OUTstanding Virginians 2011

Mark Lowham

Transplant

Beneath the scrubbed exterior of this real estate executive there beats the heart of a cowboy. Mark, a fifth generation son of the Wyoming range, was destined to be a rancher, but college and business school at Stanford turned him around, and he ended up taking a job in Washington, DC in 1989.

The job was exciting. Having previously developed Wyoming resort properties in partnership with DC-area investor Gerald Halprin, Mark was tapped to join Halprin’s WEST*GROUP, the largest landowner in Tyson’s Corner, as a senior executive at the age of 24.

By the late eighties, Northern Virginia was one of the fastest growing and most lucrative real estate markets in the country. Mark soon found that living in Georgetown and developing the DC suburbs was “a lot more interesting than Jackson Hole.”

At WEST*GROUP, Mark created many successful new ventures, including the world’s largest air cargo facilities management company and an office solutions firm. Under Mark’s leadership, WEST*GROUP was sold last summer to a Credit Suisse subsidiary for nearly half a billion dollars.

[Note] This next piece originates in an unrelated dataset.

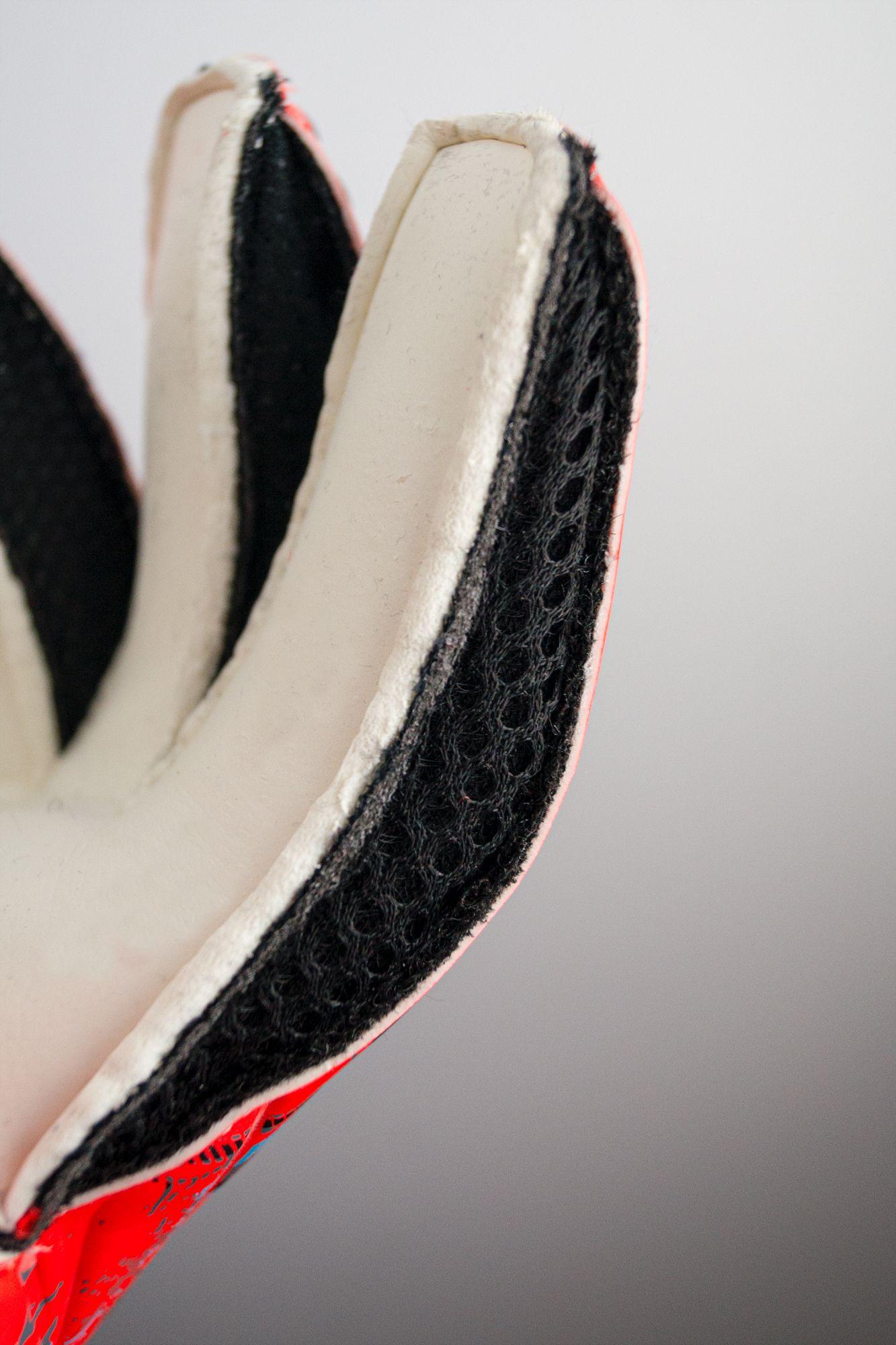 Guante Arquero Attrakt Grip Reusch Rojo-6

After the sale, Mark took his 22 years of DC-area real estate experience to TRR/Sotheby’s International Realty, where he is now a managing partner. His focus is on strategic planning and business development aimed at making the firm the leading luxury real estate business in the Mid-Atlantic. Besides looking forward to the challenges and rewards of his new job, Mark was pleased to learn that three of the firm’s five partners are gay. “I didn’t know how good it would feel to be in the majority,” he says.

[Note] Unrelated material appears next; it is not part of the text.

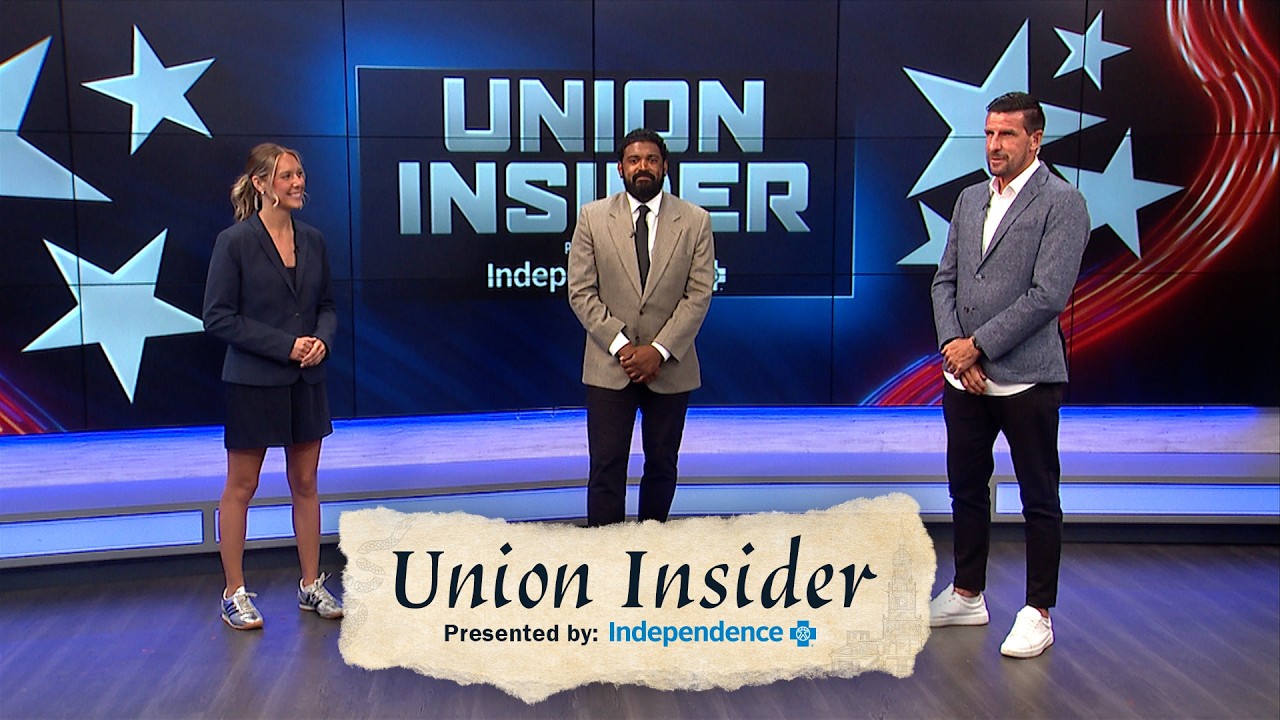 The World Cup Final is Upon Us | Union Insider Presented by Independence Blue Cross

One of Northern Virginia’s major philanthropists, Mark is currently a member of the Board of Visitors of George Mason University and a commissioner of the Fairfax County Economic Development Authority, and he is one of three private sector members of the Council of Governments Committee on Energy and the Environment. He also serves as Chairman of INOVA’s Life with Cancer Program, is a member of the Executive Committee of CharityWorks, and sits on the boards of the Medical Care for Partnership Foundation and the McLean Community Foundation.

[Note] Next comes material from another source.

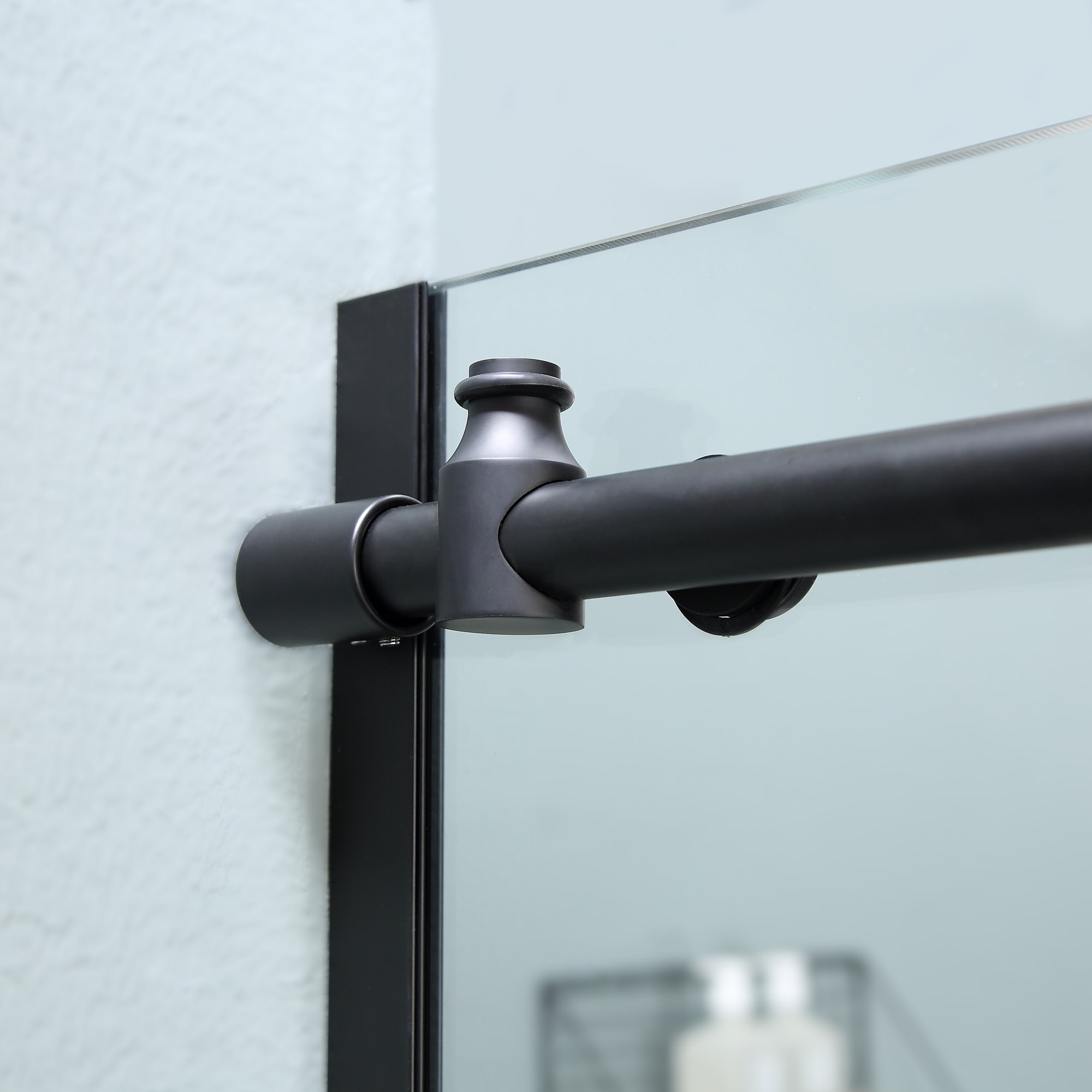 Lordear HRB-LD-6A21-48MB Shower-Doors - View #2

Mark ensures that these organizations recognize and embrace his partner, Dr. Joseph Ruzzo, a dentist, with whom he raises their son and daughter. The twins were born in California, where Mark and Joe could register as domestic partners, allowing both to claim certain parentage rights. “On the birth certificate, we simply crossed out ‘father’ and ‘mother’ and substituted ‘Parent 1’ and ‘Parent 2’ next to our names,” Mark explains. “We couldn’t do that in Virginia,” he notes.

During the debate in 2006 over the so-called Marriage Amendment, Mark and Joe were contributors to the Commonwealth Coalition (which included Equality Virginia). They hosted a gathering at their McLean home to which Mark Warner, then Virginia’s governor, came. “We’ll always respond to extraordinary initiatives like that,” says Mark.